_WORK ITEM_
The records that follow are to be reproduced exactly. Any pictures in them are left out.
____ LISTED ENTRIES
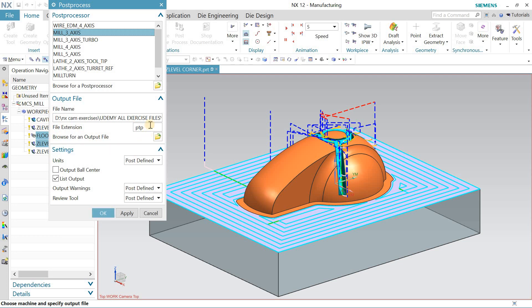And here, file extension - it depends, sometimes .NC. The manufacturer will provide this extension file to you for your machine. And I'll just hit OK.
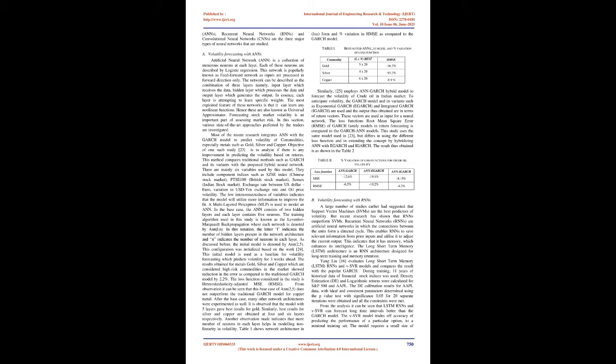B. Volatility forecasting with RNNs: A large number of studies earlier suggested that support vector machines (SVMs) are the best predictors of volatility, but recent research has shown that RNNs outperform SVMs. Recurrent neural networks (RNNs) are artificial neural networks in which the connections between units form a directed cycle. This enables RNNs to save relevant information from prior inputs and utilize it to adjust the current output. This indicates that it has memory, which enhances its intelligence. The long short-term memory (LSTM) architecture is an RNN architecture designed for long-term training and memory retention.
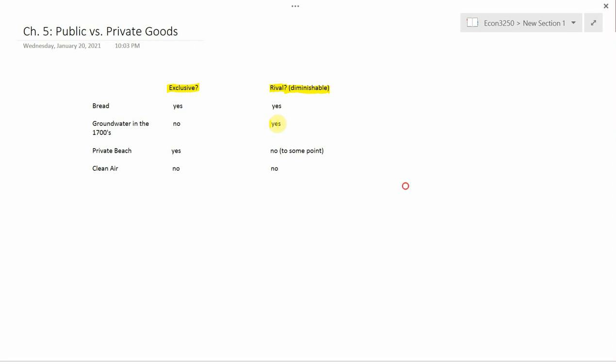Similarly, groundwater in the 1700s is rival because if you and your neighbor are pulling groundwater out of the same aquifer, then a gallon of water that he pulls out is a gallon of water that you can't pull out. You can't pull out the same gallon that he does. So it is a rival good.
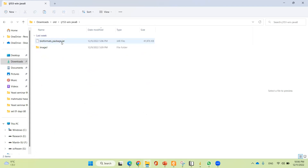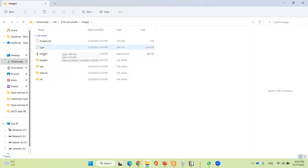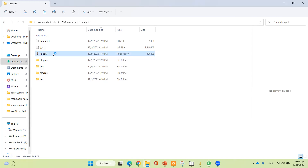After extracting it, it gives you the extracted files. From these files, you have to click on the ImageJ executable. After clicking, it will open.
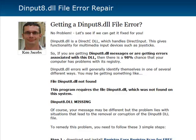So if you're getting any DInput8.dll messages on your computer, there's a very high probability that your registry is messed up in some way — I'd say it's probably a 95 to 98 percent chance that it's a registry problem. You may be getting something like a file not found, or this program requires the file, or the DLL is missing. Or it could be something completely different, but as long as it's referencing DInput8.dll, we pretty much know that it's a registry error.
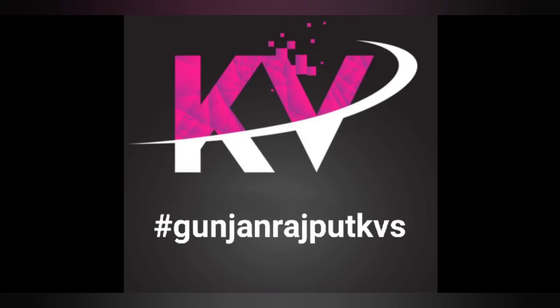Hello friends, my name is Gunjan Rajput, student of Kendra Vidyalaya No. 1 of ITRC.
________
_ANSWER BOX_
And here, file extension - it depends, sometimes .NC. The manufacturer will provide this extension file to you for your machine. And I'll just hit OK.
B. Volatility forecasting with RNNs: A large number of studies earlier suggested that support vector machines (SVMs) are the best predictors of volatility, but recent research has shown that RNNs outperform SVMs. Recurrent neural networks (RNNs) are artificial neural networks in which the connections between units form a directed cycle. This enables RNNs to save relevant information from prior inputs and utilize it to adjust the current output. This indicates that it has memory, which enhances its intelligence. The long short-term memory (LSTM) architecture is an RNN architecture designed for long-term training and memory retention.
Similarly, groundwater in the 1700s is rival because if you and your neighbor are pulling groundwater out of the same aquifer, then a gallon of water that he pulls out is a gallon of water that you can't pull out. You can't pull out the same gallon that he does. So it is a rival good.
After extracting it, it gives you the extracted files. From these files, you have to click on the ImageJ executable. After clicking, it will open.
So if you're getting any DInput8.dll messages on your computer, there's a very high probability that your registry is messed up in some way — I'd say it's probably a 95 to 98 percent chance that it's a registry problem. You may be getting something like a file not found, or this program requires the file, or the DLL is missing. Or it could be something completely different, but as long as it's referencing DInput8.dll, we pretty much know that it's a registry error.
Hello friends, my name is Gunjan Rajput, student of Kendra Vidyalaya No. 1 of ITRC.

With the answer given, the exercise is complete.